Over the last few seasons, Rivers has managed to sign players to value contracts and find creative ways to bring in other players. The Clippers’ most glaring need has been at small forward, where Rivers has gone through an assortment of players like Matt Barnes, Jared Dudley, Hedo Turkoglu, Danny Granger, Reggie Bullock, Jordan Hamilton, Dahntay Jones, Chris Douglas-Roberts, Wesley Johnson, Paul Pierce, Lance Stephenson and Luc Mbah a Moute. Interestingly, of all these players, Barnes had the most success as the team’s starting small forward. Other players have had their moments, but no one seemed to fit as well as Barnes did.
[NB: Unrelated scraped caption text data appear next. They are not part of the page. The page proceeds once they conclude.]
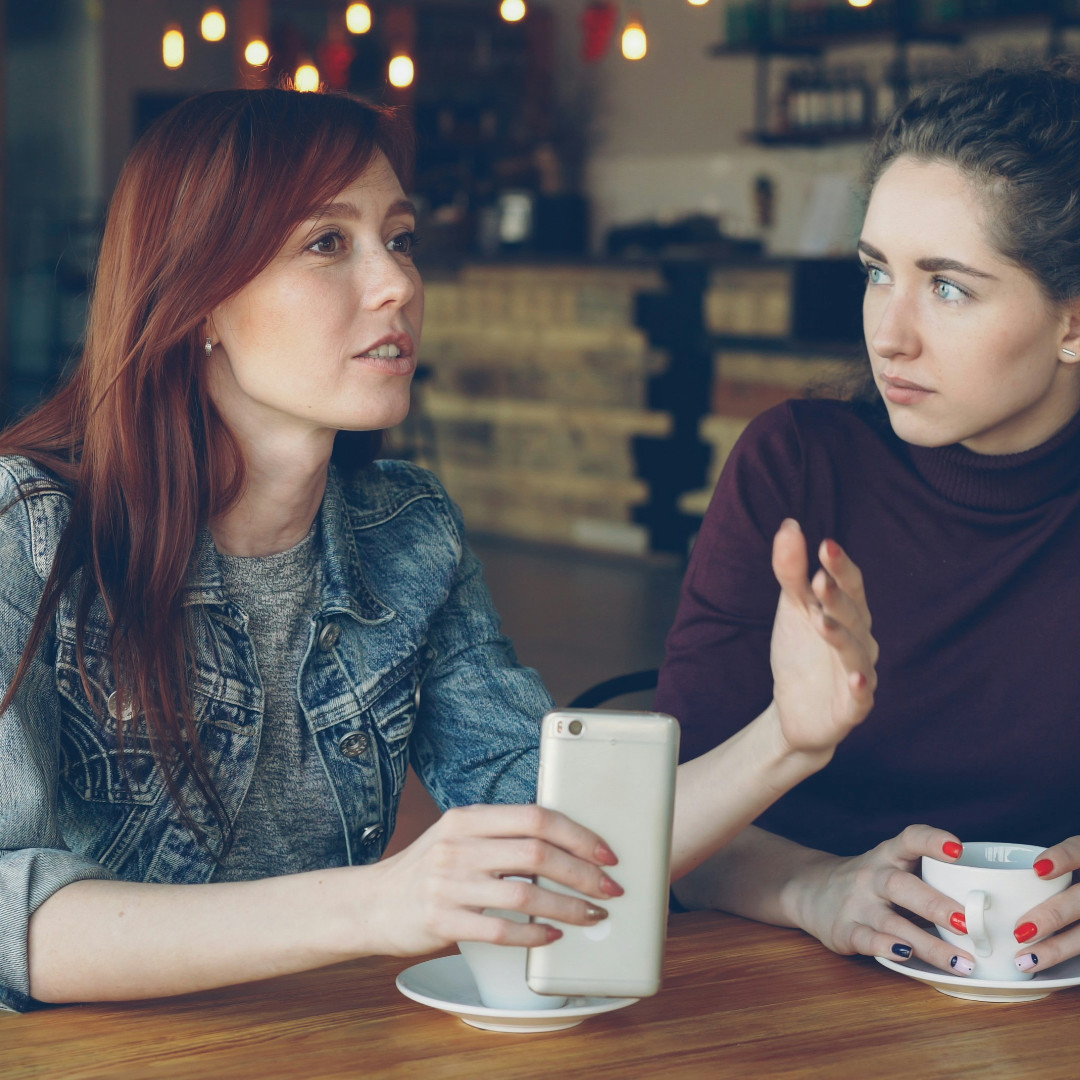 Two friends walking outside having an earnest discussion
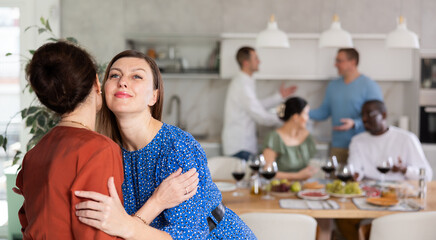 Relaxed and joyful dinner party scene at home, with smiling woman hosting friends, giving greeting kiss on cheek to bestie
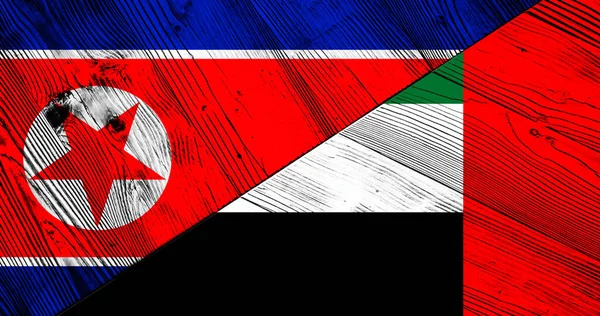 朝鲜和阿拉伯联合酋长国装饰彩旗的木制背景 — 图库照片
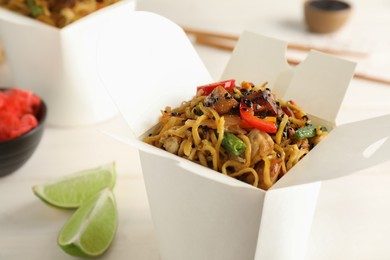 Box of wok noodles with vegetables and meat on white table, closeup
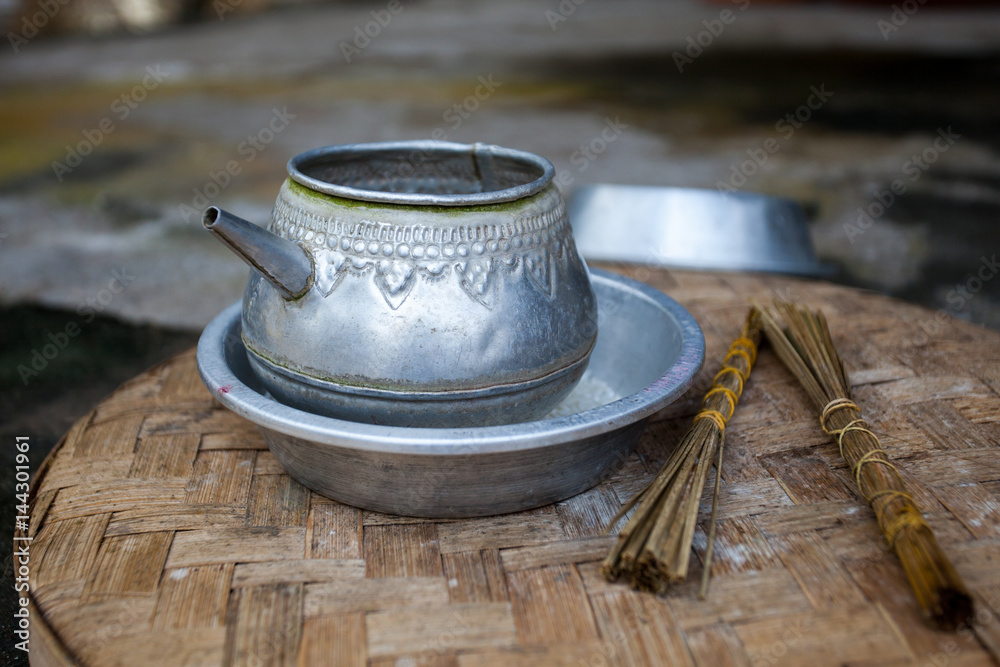 Traditional aluminum kettle for ceremonies in the temple Traditional aluminum kettle for ceremonies in the temple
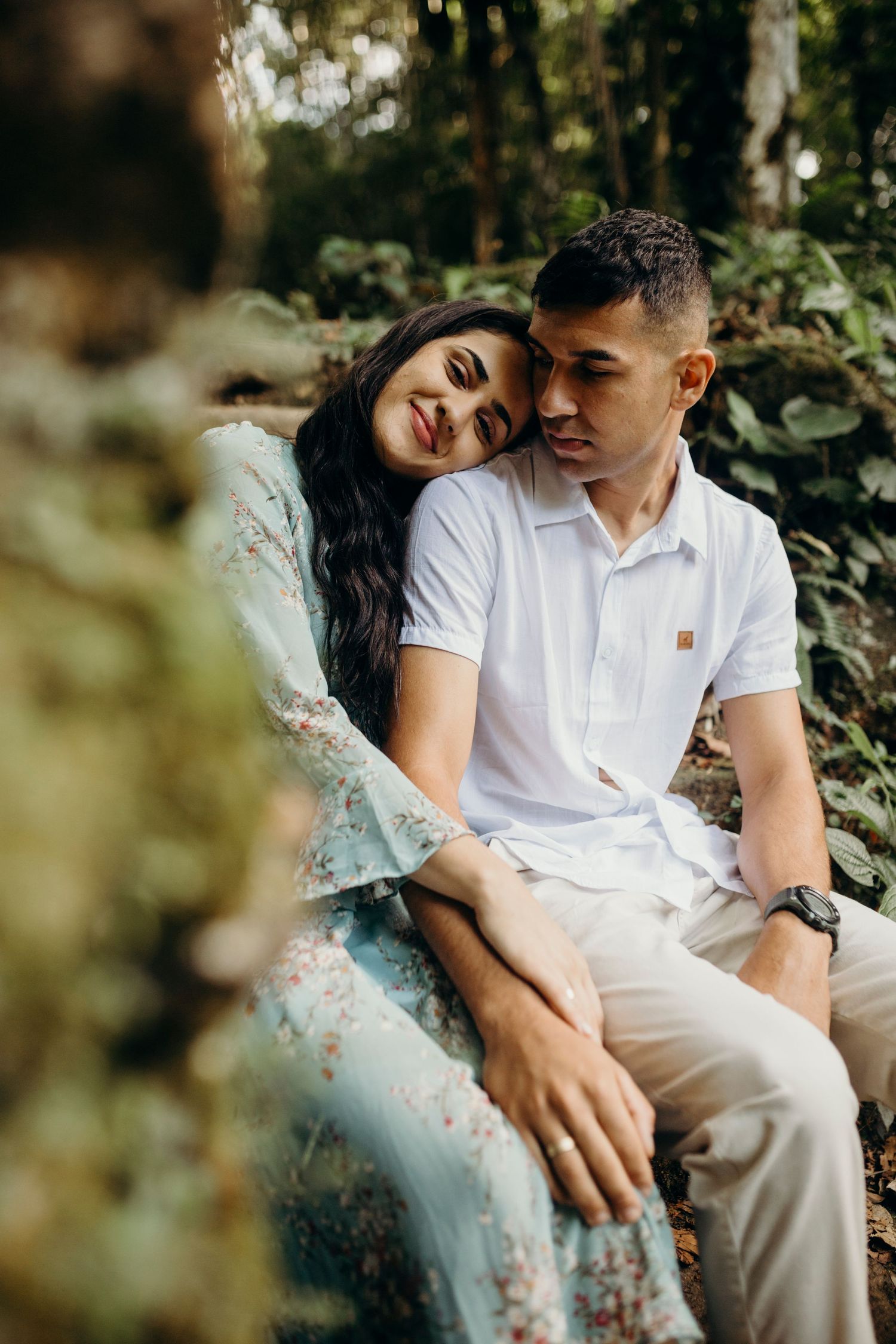 Intimate outdoor portrait of couple in coordinating outfits amid natural greenery.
Despite the glaring hole at small forward and lack of depth, the Clippers have been one of the best overall teams in the NBA over the last few seasons. However, after falling short so many times, with Griffin missing a big chunk of last season with injuries and he and Paul able to become unrestricted free agents next offseason, it was reasonable to wonder what Rivers would do this offseason.
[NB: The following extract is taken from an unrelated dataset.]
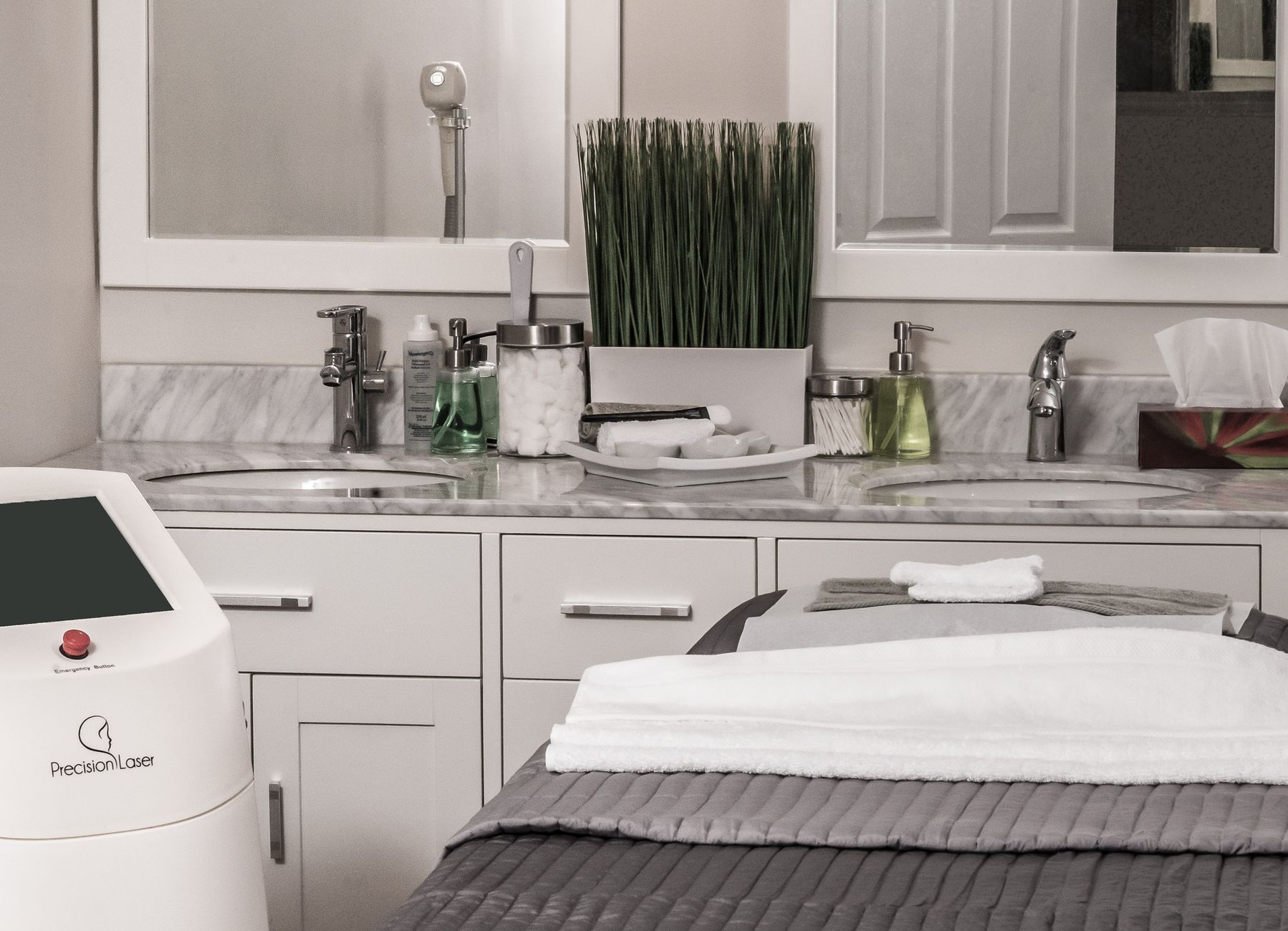 Modern med spa treatment room with aesthetic equipment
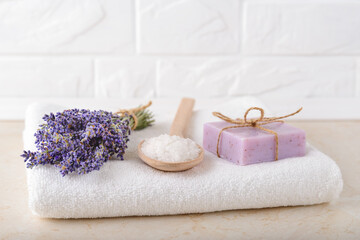 Obraz na płótnie Canvas Fresh fragrant lavender, cosmetic bath salt in a wood spoon and lavender soap on a white terry towel in a bathroom. Home made spa, skincare and cosmetology concept.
While Rivers has been criticized for his moves as the team’s de facto general manager, he did a solid job this offseason of reloading his roster for another run. While his team ultimately may not have the talent to overtake the Warriors in a seven game series (does anyone really?), he has constructed a team that has more depth than in past seasons – though that glaring hole at small forward still remains.
This offseason, Rivers put his bid in on the Kevin Durant sweepstakes and stated on a podcast with Adrian Wojnarowski of The Vertical that he was informed the Clippers were in the top three of Durant’s preferences. Of course Durant ultimately decided to take his talents to the Bay Area rather than Hollywood, but it was a worthwhile attempt on the part of Rivers – especially considering he managed to retain most of his major free agents despite pursuing Durant.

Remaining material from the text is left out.